So, one model for the situation is that the reviews don't reflect anything about the apps: there is a parameter $p$, and each of the 600 reviews is an iid Bernoulli($p$) random variable. In this model, $X_i \sim \text{Binomial}(10, p)$ for each $i$. The value of $p$ is not known a priori.

An alternative model is that each app has some inherent degree of reliability, modeled by a parameter $p_i$ for the $i$th app, and each of the 10 reviews of the $i$th app is an iid Bernoulli($p_i$) random variable. In this model, $X_i \sim \text{Binomial}(10, p_i)$ for each $i$. The value of the $p_i$'s is not known a priori.

  1. If I observe the values of $X_1,\dots,X_{60}$, is there any way I can determine which model seems to better reflect the data? Is there a good way to construct a hypothesis test to compute a $p$-value for the null hypothesis, that $X_i \sim \text{Binomial}(10, p)$ for all $i$?

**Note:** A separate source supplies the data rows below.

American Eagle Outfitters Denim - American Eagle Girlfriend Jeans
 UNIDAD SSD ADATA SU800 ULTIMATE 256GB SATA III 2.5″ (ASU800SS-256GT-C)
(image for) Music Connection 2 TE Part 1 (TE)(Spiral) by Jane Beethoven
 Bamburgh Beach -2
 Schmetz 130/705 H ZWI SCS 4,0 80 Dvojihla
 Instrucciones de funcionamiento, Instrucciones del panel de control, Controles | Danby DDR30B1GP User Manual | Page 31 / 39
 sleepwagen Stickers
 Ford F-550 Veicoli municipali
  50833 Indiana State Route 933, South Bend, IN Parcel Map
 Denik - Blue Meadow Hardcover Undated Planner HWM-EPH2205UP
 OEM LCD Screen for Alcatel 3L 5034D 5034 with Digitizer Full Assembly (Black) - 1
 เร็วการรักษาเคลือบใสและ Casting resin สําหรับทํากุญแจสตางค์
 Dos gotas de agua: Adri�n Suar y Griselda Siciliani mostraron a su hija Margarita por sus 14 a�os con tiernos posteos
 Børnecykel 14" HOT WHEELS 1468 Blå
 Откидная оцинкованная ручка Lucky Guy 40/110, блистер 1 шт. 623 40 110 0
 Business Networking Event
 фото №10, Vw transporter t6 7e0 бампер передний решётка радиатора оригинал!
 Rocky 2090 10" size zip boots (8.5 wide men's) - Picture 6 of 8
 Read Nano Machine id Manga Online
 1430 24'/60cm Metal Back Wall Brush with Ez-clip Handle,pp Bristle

  2. Let's say that I reject the null hypothesis. Can you suggest a meaningful way to measure the degree of internal consistency across reviews of the same app? What would be a good measure of this sort of consistency/correlation? Ideally, something that is amenable to a relatively natural interpretation?

    (For instance, maybe I compute the sample standard deviation $\hat\sigma$ of $X_1,\dots,X_{60}$; I compute the expected standard deviation $\sigma_0$ under the null hypothesis, $\sigma_0 = \sqrt{10 \hat{p} (1 - \hat{p})}$, where $\hat{p} = (X_1+\dots+X_{60})/600$; and I look at the ratio $\hat{\sigma}/\sigma_0$?)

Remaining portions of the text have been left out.